Measuring about 30m in length, this extra-large autonomous submarine is significantly larger than autonomous submarines used for beach reconnaissance, allowing it to operate at a range of 3000 nautical miles.
Admiral Tony Radakin, First Sea Lord announced the contract at the Underwater Defence & Security Symposium in Southampton. The First Sea Lord noted how the Ministry of Defence wants to increase its presence in the underwater battlespace and is exploring the use of extra-large uncrewed underwater vehicles (XLUUV) for surveillance, reconnaissance, and anti-submarine warfare operations.
I am enormously excited about the potential for remotely piloted and autonomous systems to increase our reach and lethality, improve our efficiency and reduce the number of people we have to put in harm’s way. These XLUUVs are at the forefront of underwater systems technology; UK technological developments such as this will be key to the Royal Navy maintaining its battle-winning edge in the underwater environment.Admiral Tony Radakin, First Sea Lord
XLUUV submarines are especially adept at covert intelligence gathering. They can leave their dock autonomously and secretly move to the operational area without any embarked crew for up to three months. They are also able to sense hostile targets and report their findings back to the station, making them an important barrier for anti-submarine warfare.

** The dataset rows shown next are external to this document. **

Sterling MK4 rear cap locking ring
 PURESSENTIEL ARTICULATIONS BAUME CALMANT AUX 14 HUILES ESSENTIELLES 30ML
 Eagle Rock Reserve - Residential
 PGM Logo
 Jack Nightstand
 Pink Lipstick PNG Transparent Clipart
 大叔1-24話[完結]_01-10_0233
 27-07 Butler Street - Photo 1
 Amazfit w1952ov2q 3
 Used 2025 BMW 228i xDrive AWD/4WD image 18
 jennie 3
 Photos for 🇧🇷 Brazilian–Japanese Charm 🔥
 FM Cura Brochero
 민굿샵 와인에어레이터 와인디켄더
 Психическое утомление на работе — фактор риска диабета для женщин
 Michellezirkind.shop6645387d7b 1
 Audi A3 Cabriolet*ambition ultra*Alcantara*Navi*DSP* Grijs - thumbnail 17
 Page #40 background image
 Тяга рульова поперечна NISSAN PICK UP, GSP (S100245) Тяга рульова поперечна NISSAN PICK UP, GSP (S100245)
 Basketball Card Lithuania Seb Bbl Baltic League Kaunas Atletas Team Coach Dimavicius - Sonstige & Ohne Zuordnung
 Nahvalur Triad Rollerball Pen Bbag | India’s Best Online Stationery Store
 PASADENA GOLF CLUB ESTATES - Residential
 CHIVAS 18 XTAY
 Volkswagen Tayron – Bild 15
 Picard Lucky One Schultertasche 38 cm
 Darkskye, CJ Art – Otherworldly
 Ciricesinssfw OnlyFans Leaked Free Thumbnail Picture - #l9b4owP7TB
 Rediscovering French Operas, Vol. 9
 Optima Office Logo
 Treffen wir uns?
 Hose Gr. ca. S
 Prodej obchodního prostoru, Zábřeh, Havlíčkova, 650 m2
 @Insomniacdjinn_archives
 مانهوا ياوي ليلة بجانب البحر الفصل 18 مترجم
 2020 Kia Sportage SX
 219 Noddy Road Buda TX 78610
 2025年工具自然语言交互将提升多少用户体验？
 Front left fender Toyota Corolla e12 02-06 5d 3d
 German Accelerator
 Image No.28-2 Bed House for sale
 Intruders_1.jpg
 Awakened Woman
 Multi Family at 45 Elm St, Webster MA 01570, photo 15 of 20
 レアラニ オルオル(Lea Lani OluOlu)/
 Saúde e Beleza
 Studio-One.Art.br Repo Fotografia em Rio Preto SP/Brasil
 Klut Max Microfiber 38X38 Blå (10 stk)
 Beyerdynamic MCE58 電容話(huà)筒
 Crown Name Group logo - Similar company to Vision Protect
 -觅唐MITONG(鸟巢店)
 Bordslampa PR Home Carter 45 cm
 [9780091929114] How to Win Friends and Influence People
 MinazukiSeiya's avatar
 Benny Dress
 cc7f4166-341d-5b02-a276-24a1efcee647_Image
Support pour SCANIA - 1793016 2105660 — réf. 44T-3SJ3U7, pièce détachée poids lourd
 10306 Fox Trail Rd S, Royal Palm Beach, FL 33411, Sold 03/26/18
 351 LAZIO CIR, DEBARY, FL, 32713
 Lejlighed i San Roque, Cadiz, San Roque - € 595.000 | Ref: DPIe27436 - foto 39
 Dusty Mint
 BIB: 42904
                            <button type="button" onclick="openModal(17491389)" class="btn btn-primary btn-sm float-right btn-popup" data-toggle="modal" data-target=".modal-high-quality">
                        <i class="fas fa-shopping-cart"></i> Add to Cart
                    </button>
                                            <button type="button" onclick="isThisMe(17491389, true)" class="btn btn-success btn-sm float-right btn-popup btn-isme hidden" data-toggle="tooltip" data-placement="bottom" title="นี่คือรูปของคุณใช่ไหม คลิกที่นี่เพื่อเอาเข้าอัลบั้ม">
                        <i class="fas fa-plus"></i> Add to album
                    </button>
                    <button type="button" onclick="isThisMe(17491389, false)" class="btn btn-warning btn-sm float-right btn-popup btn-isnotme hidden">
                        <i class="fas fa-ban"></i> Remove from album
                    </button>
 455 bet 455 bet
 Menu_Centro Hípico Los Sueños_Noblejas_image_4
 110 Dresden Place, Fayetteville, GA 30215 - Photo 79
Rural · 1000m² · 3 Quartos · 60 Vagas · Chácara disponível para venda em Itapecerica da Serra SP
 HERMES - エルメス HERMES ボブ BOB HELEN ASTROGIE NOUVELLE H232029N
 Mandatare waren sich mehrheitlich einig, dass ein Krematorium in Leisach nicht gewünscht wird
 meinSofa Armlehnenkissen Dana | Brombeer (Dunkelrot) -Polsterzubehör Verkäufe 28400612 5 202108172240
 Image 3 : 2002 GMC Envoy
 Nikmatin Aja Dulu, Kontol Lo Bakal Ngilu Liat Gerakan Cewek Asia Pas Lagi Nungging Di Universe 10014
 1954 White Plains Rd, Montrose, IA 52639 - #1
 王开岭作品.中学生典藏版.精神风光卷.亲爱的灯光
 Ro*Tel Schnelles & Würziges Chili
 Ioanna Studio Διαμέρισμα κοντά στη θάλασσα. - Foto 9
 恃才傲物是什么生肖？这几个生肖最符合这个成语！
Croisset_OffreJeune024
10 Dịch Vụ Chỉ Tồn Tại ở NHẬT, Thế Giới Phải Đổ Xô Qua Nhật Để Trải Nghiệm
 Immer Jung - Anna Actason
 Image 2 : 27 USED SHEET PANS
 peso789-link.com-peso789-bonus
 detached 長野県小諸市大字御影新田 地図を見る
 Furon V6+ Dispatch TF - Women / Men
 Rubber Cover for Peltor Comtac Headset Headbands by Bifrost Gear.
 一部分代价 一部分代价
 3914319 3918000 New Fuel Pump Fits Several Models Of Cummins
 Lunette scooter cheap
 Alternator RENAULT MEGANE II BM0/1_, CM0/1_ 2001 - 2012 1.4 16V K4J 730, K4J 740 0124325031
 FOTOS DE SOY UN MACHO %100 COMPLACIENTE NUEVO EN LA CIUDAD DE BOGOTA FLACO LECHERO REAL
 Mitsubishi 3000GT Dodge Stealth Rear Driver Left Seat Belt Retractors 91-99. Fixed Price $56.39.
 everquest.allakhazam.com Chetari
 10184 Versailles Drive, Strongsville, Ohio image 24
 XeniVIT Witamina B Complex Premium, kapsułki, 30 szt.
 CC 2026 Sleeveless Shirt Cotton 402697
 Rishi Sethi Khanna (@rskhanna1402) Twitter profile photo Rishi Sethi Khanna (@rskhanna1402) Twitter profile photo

The first phase of DASA’s Developing the Royal Navy’s Autonomous Underwater Capability programme – run jointly with the Royal Navy and Defence Science and Technology Laboratory (Dstl) – will see an existing crewed submersible refitted with autonomous control systems.
If initial testing is successful, up to a further £1.5 million is available to further test the new capability – making it the largest joint contract awarded as part of a DASA competition.